Assuming that all matrices are $n\times n$ and invertible, solve for $D$.

$C^{T}B^{-1}A^{2}BAC^{-1}DA^{-2}B^{T}C^{-2}=C^{T}$

## The Attempt at a Solution

I tried to group all like terms and simplify. I'm pretty sure this is not allowed but I'm not really sure how to approach this question. Thanks a lot any help appreciated!

$C^{T}C^{-1}C^{-1}C^{-1}B^{-1}BB^{T}AAAA^{-1}A^{-1}D=C^{T}$

$C^{T}C^{-1}C^{-1}C^{-1}IB^{T}IIAD=C^{T}$

$((C^T)^{-1}C^{T})C^{-1}C^{-1}C^{-1}B^{T}AD=C^{T}(C^T)^{-1}$

$I(C^{-1}C^{-1}C^{-1}CCC)(B^{T}(B^T)^{-1})(AA^{-1})D=ICCC(B^T)^{-1}A^{-1}$

$D=C^{3}(B^T)^{-1}A^{-1}$

## The Attempt at a Solution

haruspex
Homework Helper
Gold Member
2020 Award
No, you can't change the order like that. What you can do is multiply both sides by the same thing at the same end. I.e. You can go from Y = Z to XY = XZ or to YX = ZX. Start with multiplying both sides on the left by C-T. Use the fact that you can change the order when the two matrices being multiplied are inverses of each other: X-1X = I = XX-1

Dick
Homework Helper

## Homework Statement

Assuming that all matrices are $n\times n$ and invertible, solve for $D$.
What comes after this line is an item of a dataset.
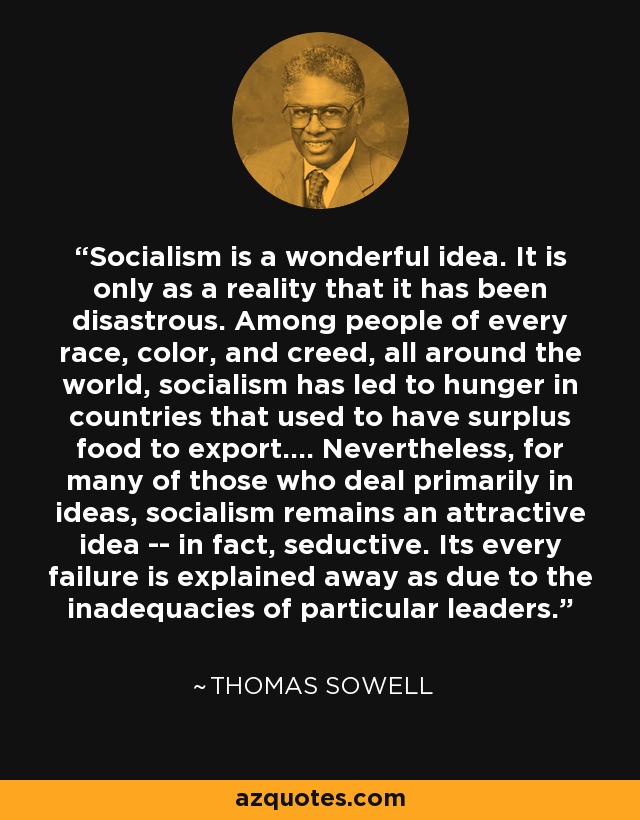 Socialism is a wonderful idea. It is only as a reality that it has been disastrous. Among people of every race, color, and creed, all around the world, socialism has led to hunger in countries that used to have surplus food to export.... Nevertheless, for many of those who deal primarily in ideas, socialism remains an attractive idea -- in fact, seductive. Its every failure is explained away as due to the inadequacies of particular leaders. - Thomas Sowell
$C^{T}B^{-1}A^{2}BAC^{-1}DA^{-2}B^{T}C^{-2}=C^{T}$

## The Attempt at a Solution

I tried to group all like terms and simplify. I'm pretty sure this is not allowed but I'm not really sure how to approach this question. Thanks a lot any help appreciated!

$C^{T}C^{-1}C^{-1}C^{-1}B^{-1}BB^{T}AAAA^{-1}A^{-1}D=C^{T}$

$C^{T}C^{-1}C^{-1}C^{-1}IB^{T}IIAD=C^{T}$

$((C^T)^{-1}C^{T})C^{-1}C^{-1}C^{-1}B^{T}AD=C^{T}(C^T)^{-1}$

$I(C^{-1}C^{-1}C^{-1}CCC)(B^{T}(B^T)^{-1})(AA^{-1})D=ICCC(B^T)^{-1}A^{-1}$

$D=C^{3}(B^T)^{-1}A^{-1}$

## The Attempt at a Solution

Don't assume the matrices commute. You can't interchange the order like you did. Aside from the fact this problem is needlessly complex, just use patience and cancel each matrix M by M^(-1) on the appropriate side.
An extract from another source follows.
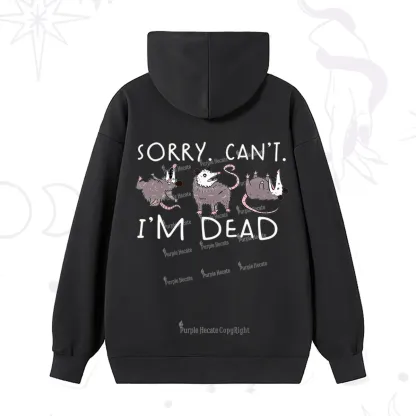 Purplehecate Funny Possum Sorry I Can't I'm Dead Hoodie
Thanks guys, but what happens when I get down to D after I multiply each term preceding it by its inverse?

Ahhhh, multiply on the right!

Dick
Homework Helper
Ahhhh, multiply on the right!

Right! No pun intended.

Right! No pun intended.

Lol thanks